Opportunity or Opportunism on Winchester’s New Chinese Campus?


University higher-ups have made much of Southampton’s newly built “outreach” campus in Iskandar, Malaysia, since its announcement in January.  With the recent news of a collaborative art and design venture between Winchester and the Chinese university Dalian Polytechnic, it seems that Southampton is wasting no time in hopping on board the emerging market gravy train.

While the Malaysian site has sparked its own controversies, the fact is that an influx of engineers will plug a recognised gap in the Malaysian economy.  However, the course at Dalian, which pushes graphic and fashion design as flagship specialisations, is a clear example of selfishness and short-sightedness on the part of the university.

Any graduate from any creative discipline will tell you how difficult it is to break into the job market in the creative industries in this country, where they are increasingly seen as superfluous in the face of spending cuts.  The programme is billed with “the same level of high quality teaching, excellent facilities and the opportunity to work with industry experts” as at Winchester.  Even so, how can it be fair on Chinese students to seduce them with words such as these, when in fact if they were ever to attempt to emigrate to the UK, their skills would be next to worthless?

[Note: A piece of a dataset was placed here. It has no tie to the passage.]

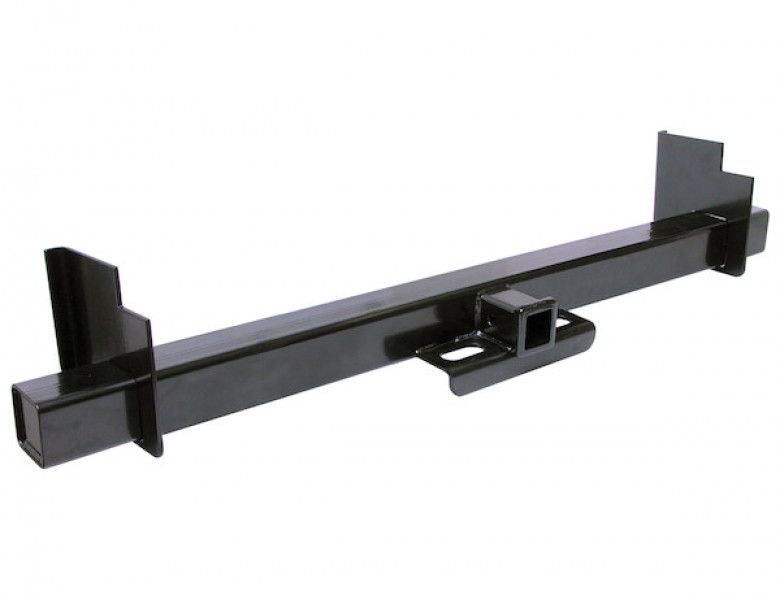 Image of Class 5 44 Inch Service Body Hitch Receiver with 2 Inch Receiver Tube and 9 Inch Mounting Plates from Buyers Products. Part number: 1801050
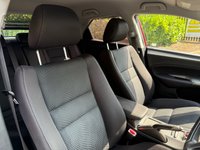 USED 2010 60 HONDA CIVIC 1.4 i-VTEC SE Hatchback 5dr Petrol i-Shift (132 g/km, 98 bhp) STUNNING+SH+RED+ECO+PETROL+SEMI-AU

The fact is that Winchester is at best a mid-range school for art and design subjects.  In China, having a UK or US institution’s name on your degree certificate tends to command instant recognition.  Any Chinese student wishing to immigrate to the UK and search for a job on completion of this degree will find this is no advantage here, and will run up against a wall they didn’t even imagine existed.

Doubtless that, in these dark economic times, with threats of crippling cuts to universities’ arts departments, the University is looking to boost its revenue by looking to the emerging Asian economies—whose students pay £11,000 a pop in uncapped, up-front international fees.  The tragedy is that outreach programmes such as this one will be attractive to the less wealthy Chinese students who cannot afford to wholly study abroad—students who may one day find their investment evaporating before their eyes.

With other Chinese links appearing around the university, such as the Confucius Institute, it is clear that any benefits are first and foremost intended for Southampton, as they look to help Southampton students and investors capitalise on the meteoric economic rise of China.

And in a month where Southampton lost its status as a top-100 world university, it will be interesting to see whether questionable overseas links such as this are truly beneficial to Southampton in the long term.